Ralph recognizes right away that Jocelyn is not like the other women from the ship. Everything from her manners to her dress to her regal air indicate that she was noble-born. She's also attracting quite a bit of attention from the single men who have arrived from the surrounding farms in search of a wife. Intrigued by her and compelled by a feeling he doesn't understand yet, Ralph does something he never thought he'd do: propose marriage. Jocelyn's no fool and she sees how the other men respect Ralph and she senses the honor in him and accepts his proposal. So they marry on the green outside the church and head back to Ralph's plantation to make their home.
Though the Percys spend most of their time on the plantation, they do travel into town, and on the first of these occasions since their marriage, they arrive to find the town in a tizzy and the residents streaming into the protective walls of the fort, preparing to defend themselves:
A man came panting down the street. "Captain Ralph Percy!" he cried. "My master said it was your horse coming across the neck. The Governor commands your attendance at once, sir."
"Where is the Governor? Where are all the people?" I demanded.
"At the fort. They are all at the fort or on the bank below. Oh, sirs, a woeful day for us all!"
"A woeful day!" I exclaimed. "What's the matter?"
"They are at the guns!" he quavered. "Alackaday! What can a few sakers and demiculverins do against them?"
"Against whom?" I cried.
"They are giving out pikes and cutlasses! Woe's me, the sight of naked steel hath ever made me sick!"
I drew my dagger, and flashed it before him. "Does it make you sick?" I asked. "You shall be sicker yet, if you do not speak to some purpose."
Did I mention Ralph Percy has little tolerance for cowardly behavior? Turns out a warship has been spotted off the point, making its way from the Chesapeake Bay up the James River to Jamestown. The fort has a few guns, but a couple of demi-culverins are no match for the guns of a mighty Spanish Man-of-War. As the colonists watch anxiously for the ship to appear around the spit of land sheltering the harbor, they prepare to meet their foe:
In ten minutes' time the women were in line ready to load the muskets, the children sheltered as best they might be, the men in ranks, the gunners at their guns, and the flag up. I had run it up with my own hand, and as I stood beneath the folds Master Sparrow and my wife came to my side.
"The women are over there," I said to the latter, "where you had best betake yourself."
"I prefer to stay here," she answered. "I am not afraid." Her color was high, and she held her head up. "My father fought the Armada," she said. "Get me a sword from that man who is giving them out."

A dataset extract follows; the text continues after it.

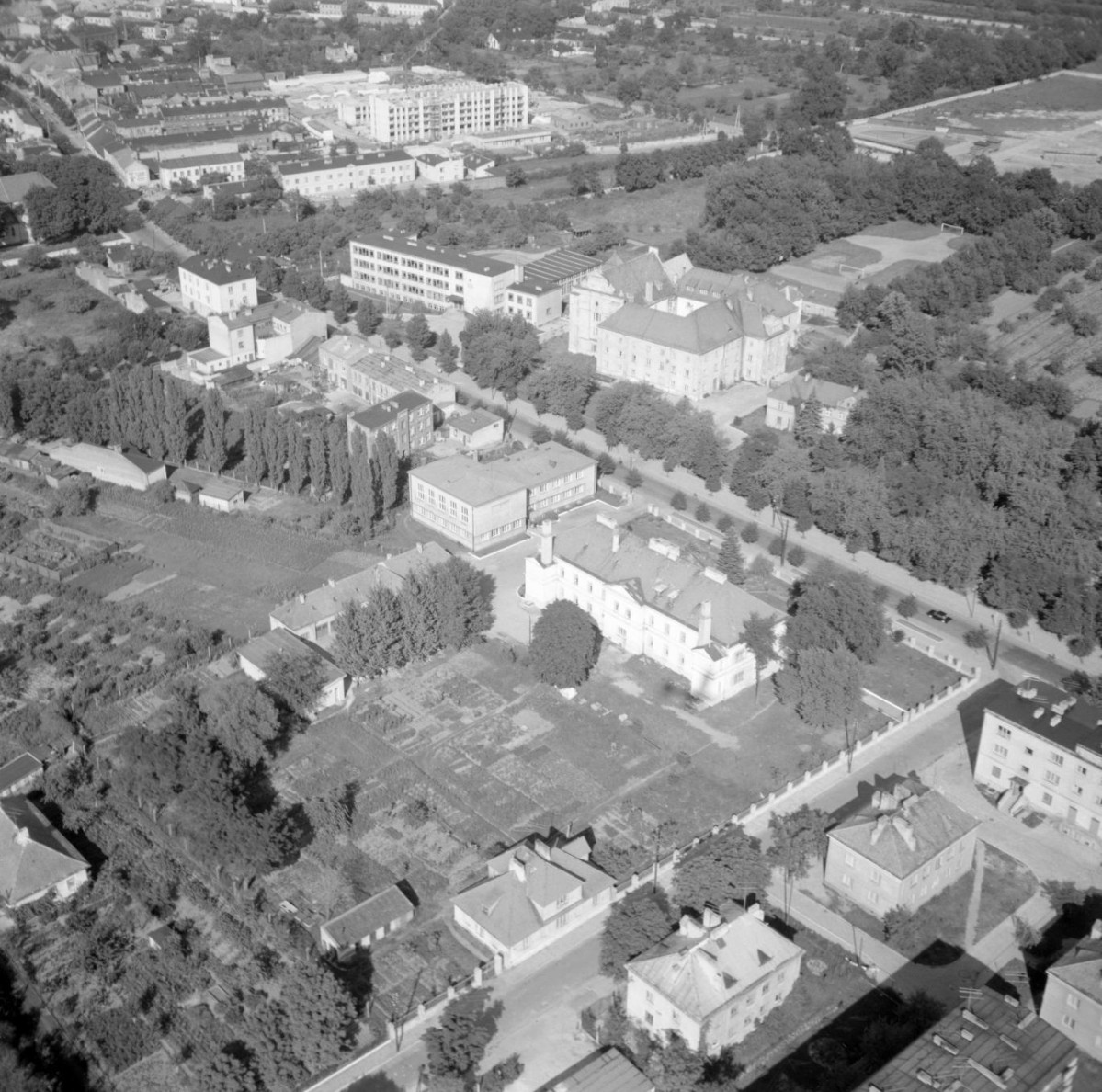 Fragment zabudowy północnej części  miasta , skan 1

Did I mention Jocelyn was tough? And she has to be, for though the ship turns out not to be Spanish after all, and the colonists can breathe easy knowing an English ship has arrived, that ship carries the man Jocelyn fled from in England, the man she was being forced to marry: Lord Carnal. And he is none too pleased to find Jocelyn wed to someone else. Turns out, Jocelyn was a ward of the king and in marrying her, Ralph has unknowingly committed treason. Lord Carnal demands that Ralph renounce his marriage and hand Jocelyn over. But Ralph has grown attached to his wife and he vows to fight to keep her. As one of King James's favored friends, Lord Carnal calls upon the monarch to annul Ralph and Jocelyn's marriage, but he grows impatient waiting for an answer from across the sea, and sets about a trap to separate the lovers for good. What follows is the adventure of a lifetime as Ralph and Jocelyn flee for their lives, battling the wilderness, slipping through Indian territory (check out the typical Algonquian longhouse pics), and fighting the king's men, Indians, and even pirates!
To Have and to Hold was originally published as a serial in a magazine, and when it was published in book form in 1900, it became the bestselling book of that year. I love it because it's not only romantic, it's also rich in history, with a gripping story that incorporates historical figures like John Rolfe, still grieving the death of his wife Rebecca (Pocahontas), and her brother Nantauquas, trying to balance the line between his white friends and his Indian family as tensions rise with the tribes. The story is set against the backdrop of the escalation of the Anglo-Powhatan Wars under the leadership of the late Chief Powhatan's brother, Opechancanough. The story's exciting and terrible conclusion plays out during the Indian Massacre of 1622, in which one quarter of the Jamestown colonists were killed. Since the story was originally published as a serial, you can expect lots of twists and turns and cliffhanger chapter endings! The writing itself is a little elevated and stylized with period dialect, but it reads beautifully and the descriptions of colonial Virginia are both gritty and gorgeous.
Oh, and Ralph Percy is to. die. for. I'm leaving you with a shot of the statue of Captain John Smith that looks out over the river at Jamestown. This is pretty typical attire for well-to-do English gentlemen soldiers in the early 1600s, and I like to visualize Captain Ralph Percy like this. Strong, noble, honorable, and incredibly brave; a man of action, a man of reason . . . and a bit of a secret romantic. It may take some time for him to admit his feelings, but it's well worth the wait; Ralph makes some truly swoon-worthy declarations to the woman who claims his heart.